A visita de Lula a Washington foi cercada de expectativas, depois das relações estremecidas da Casa Branca com Brasília no período em que Biden conviveu com Bolsonaro no comando do país —apoiador de primeira hora do ex-presidente Donald Trump, o ex-presidente ainda ecoou alegações de fraude na eleição americana. Biden e Bolsonaro nunca se falaram por telefone e só se reuniram uma vez.

Pela manhã, Lula se encontrou com o senador Bernie Sanders e com parlamentares democratas na Blair House, onde está hospedado. Um dos principais líderes da esquerda nos EUA, Sanders capitaneou ações de parlamentares americanos por respeito à democracia no Brasil. Ele aprovou no Senado, no fim de 2022, uma resolução instando a Casa Branca a romper relações em caso de golpe de Estado.

Depois, Lula se reuniu com os deputados Alexandra Ocasio-Cortez, Pramila Jayapal, Sheila Jackson Lee, Brad Sherman e Ro Khanna. AOC, como a estrela da ala à esquerda do Partido Democrata é conhecida, afirmou que o presidente brasileiro "é uma inspiração" e mostrou conhecer programas sociais criados em governos petistas, como o Bolsa Família e o Minha Casa, Minha Vida, ambos citados em português.

Enquanto Lula recebia os parlamentares, três bolsonaristas apareceram próximo à Blair House para protestar, chamando-o de ladrão. Outros apoiadores, com caixa de som, gritaram a favor do petista.

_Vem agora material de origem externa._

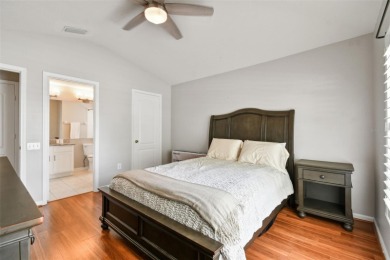 Beautifully renovated, gated, GOLF course views on Lexington Oaks Golf Club in Florida - for sale on GolfHomes.com, golf home, golf lot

O bolsonarista Alessandro Lúcio Boneares, ligado ao grupo de imigrantes Yes Brasil, dirigiu três horas do estado de Nova York até Washington para protestar contra o presidente. Com um megafone, ele gritava "Lula ladrão, seu lugar é na prisão", acompanhado de duas outras pessoas com cartazes contra os ministros do Supremo Tribunal Federal (STF) e dizendo que a eleição brasileira havia sido roubada.

Uma das razões para Lula ter se hospedado na Blair House, não em um hotel, era evitar protestos. O local é cercado quando há autoridades estrangeiras, e a segurança é feita pelo Serviço Secreto americano.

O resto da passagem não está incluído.